Future of the History of Chemical Information

Yes, you read it correctly; we are wondering where the venerable story of chemical information is bound. Consider the impact on chemical research of machine-readable documentation over the past 50+ years, and systematic chemical nomenclature the 100+ years before that. Consider the generations of chemists who built this discipline through their scholarly exchange and navigating the politics of their time. Bend those lenses around to look forward and consider what of the current day will most influence the progress of the chemical enterprise and its information in 50 years. What can we learn from our history to help us focus our endeavors to make future history? As we chart our way forward, what are the important principles for chemistry and chemical information, in particular, that we all in the information profession need to keep clear, front and center? These questions were the drivers of a CINF symposium at the recent ACS Meeting in Philadelphia.
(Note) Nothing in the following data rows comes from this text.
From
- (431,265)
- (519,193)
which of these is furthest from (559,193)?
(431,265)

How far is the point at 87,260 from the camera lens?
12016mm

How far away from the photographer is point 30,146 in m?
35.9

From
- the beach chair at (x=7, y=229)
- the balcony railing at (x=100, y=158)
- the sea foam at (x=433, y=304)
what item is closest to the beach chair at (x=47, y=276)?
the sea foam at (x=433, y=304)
We heard from a diverse panel of knowledgeable information professionals what the landscape of today could lead and distill to, based on what we have learned from various perspectives over 100+ years, about chemistry, information, and most importantly, the people involved in it all. Twelve speakers gave reflective analyses based on their respective areas of expertise, tying it to essential issues for CINF with implications for the fellow Divisions of Chemical Education (CHED) and History of Chemistry (HIST) as well. Links to the presentation slides for most talks are included in this report and also available at: http://bulletin.acscinf.org/node/347 (abstract numbers 47-51 & 59-65). My impressions and reflections on the impact of the future of the history of our chemical information are represented below.

Peter Rusch, currently the Chair of and the CINF Liaison to, the ACS Committee on Nomenclature, Symbols and Terminology, set the tone of the day by “cantilevering history.” He aptly illustrated how cantilevering, much like in bridge building, is a critical aspect of the work of information professionals, and never is really done. His on-point, prescriptive “prospective retrospection” suggested that those practicing the unrecognized “central science” with its “unobvious” information will need to keep vigilant to the integrity of the science. Important principles to consider are seemingly self-evident, but not to be overlooked in any scenario: price/performance, chemical integrity, personal contact and conversation, and of course, good information habits.
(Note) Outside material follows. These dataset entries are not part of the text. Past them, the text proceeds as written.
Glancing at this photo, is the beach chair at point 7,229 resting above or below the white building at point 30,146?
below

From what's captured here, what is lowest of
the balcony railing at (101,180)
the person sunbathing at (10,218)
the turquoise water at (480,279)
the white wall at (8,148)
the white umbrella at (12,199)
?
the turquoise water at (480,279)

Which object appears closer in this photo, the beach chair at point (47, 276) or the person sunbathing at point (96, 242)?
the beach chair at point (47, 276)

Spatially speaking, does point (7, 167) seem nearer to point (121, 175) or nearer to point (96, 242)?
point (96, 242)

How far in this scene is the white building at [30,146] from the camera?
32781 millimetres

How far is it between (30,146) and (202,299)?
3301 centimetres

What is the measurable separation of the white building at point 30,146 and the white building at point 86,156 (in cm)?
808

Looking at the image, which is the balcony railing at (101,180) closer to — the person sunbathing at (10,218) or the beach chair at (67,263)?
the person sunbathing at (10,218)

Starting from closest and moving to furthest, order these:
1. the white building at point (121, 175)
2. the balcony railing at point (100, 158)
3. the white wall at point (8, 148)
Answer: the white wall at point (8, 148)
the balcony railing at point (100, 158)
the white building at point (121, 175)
Delving into the long history of chemical nomenclature and structure representation were two talks based on a symposium held at the Royal Society of Chemistry in London in November of 2010 (http://www.rsc.org/Membership/Networking/InterestGroups/CICAG/meetings.asp, scroll down to “Celebrating the History of Chemical Information”).

Bill Town gave a thoughtful walk through the histories of confusing nomenclature and eventually more specified compound classification. Early alchemical history was fraught with persecution, resulting in layers of confusion between warring desires of useful classification and secrecy. It took several hundred years to work through multiple systems until the atomic theory and more accurate analysis pulled together understanding. As the need for granularity increased, different nomenclatures and classifications appeared appropriate for organic compounds, inorganic compounds and the elements. Scientists finally started grappling with standardization in the 19th century.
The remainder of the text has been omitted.